I’m trying to have different column styles on the same page. I want to have a single column on the first half, a line break, and then two columns, each with bullet points on the second half of the same page.
Ciao, you can do so:
Press Enter
till half page, and select one or two lines before the last. Then:Format > Columns > Settings …
.
Then, in each column:
Format > Bullets and Numbering …
.
If my answer helped you, vote it with (here on the left)
The number of columns is a property of the page style. So, basically, you cannot “locally” change it. To do that, you must specifically request a property “exception” through a manual break to a section.

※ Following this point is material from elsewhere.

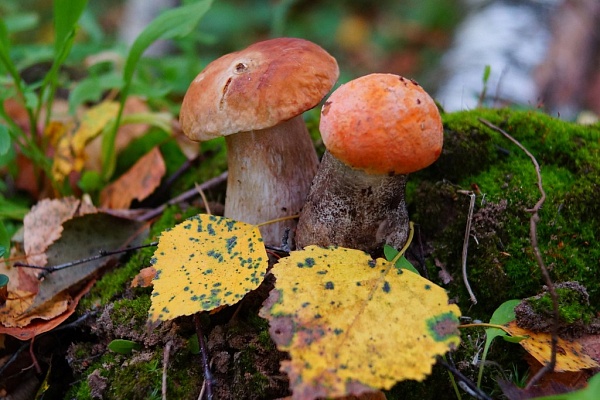 Красоты парка "Мещёра"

Start your page as usual with the single column default. At the location where you want to switch to 2-column layout, add a section with Insert
→ Section...
and select the number of columns.
Revert to single-column with another Insert
→ Section...
after it.
If you want to anchor the sections to some fixed page position (as I understand your question), you may need to add a page break attribute to the first paragraph of the single-column section. Do that through style definition/modification rather than with manual direct formatting.
I would not recommend to give the sections fixed sizes because this would involve storing one of them (preferentially the 2-column one) in a fixed-size frame and you’ll bump into problems with positionning, text flow, wrapping, … The page break attribute of the first paragraph should do nicely the trick.
Concerning the bullet point issue, it is independent from the 1/2-column sections. Just choose an adequate style for your paragraphs. By default, you have Bullet x (x is 1 to 5).
If this answer helped you, please accept it by clicking the check mark to the left and, karma permitting, upvote it. If this is what you expected, close the question, that will help other people with the same question.
Columns are property of either page style, or a section. (Just to make clear that sections aren’t a kind of “cheating”, which impression I got from reading your preamble.)
Selecting text and using Format
→ Columns
(as in @charlie.it’s answer) implicitly inserts required section, so no need to worry about that.
@mikekaganski: not knowing the skill level of the requester, I tried to make things simple. Of course, as is implicit in my answer the column property is present in both page style and section. Mastering all subtleties in LO is not immediate for a newbee. And even with experience, you still need to experiment.
What is not obvious is whether the document is multi-page. For single-page, @charlie.it solution is enough, though I disapprove usage of Enter
for vertical spacing instead of style.